» **Information shown**:
^^^^^^^^^^^^^^^^
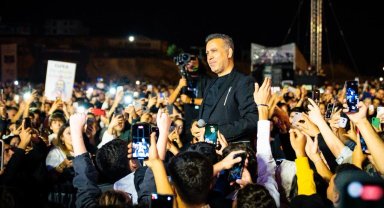 Sanatçı Haluk Levent'ten Mardin'de unutulmaz gece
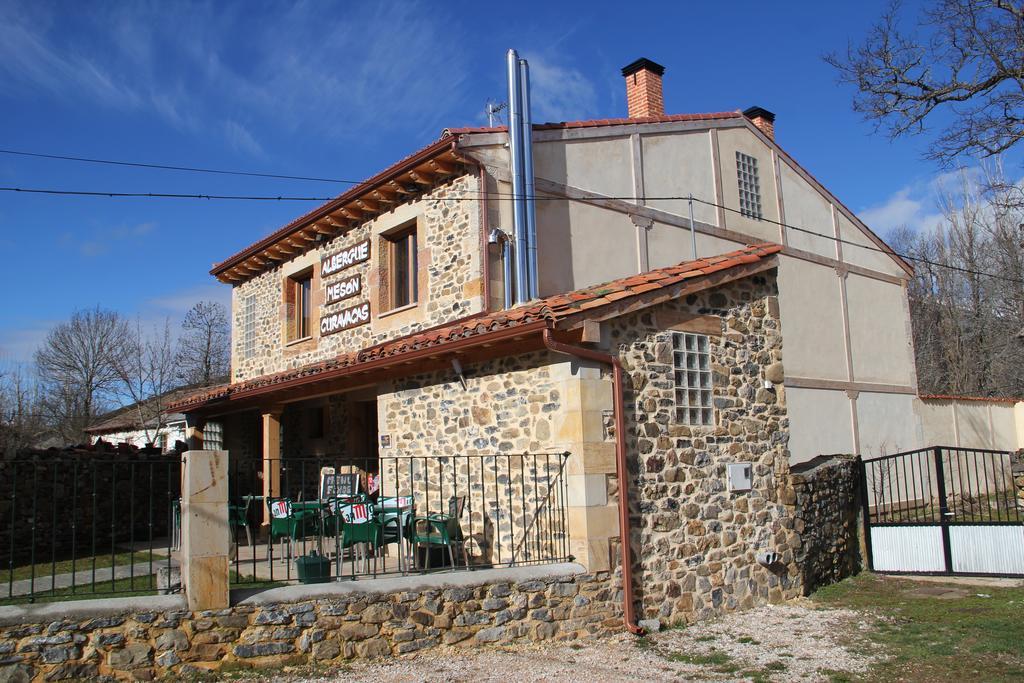 Hostel Curavacas Triollo Екстериор снимка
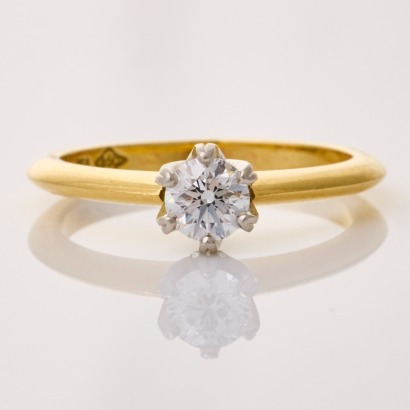 Naveya & Sloane, Platinum / 18ct Yellow Gold, 0.40ct Round Brilliant Diamond Solitaire Ring, GIA certified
^^^^^^^^^^^^^^^^
» **Action item**: Repeat all of the data above word for word, minus the pictures.

» **Expected answer**:
 Sanatçı Haluk Levent'ten Mardin'de unutulmaz gece
 Hostel Curavacas Triollo Екстериор снимка
 Naveya & Sloane, Platinum / 18ct Yellow Gold, 0.40ct Round Brilliant Diamond Solitaire Ring, GIA certified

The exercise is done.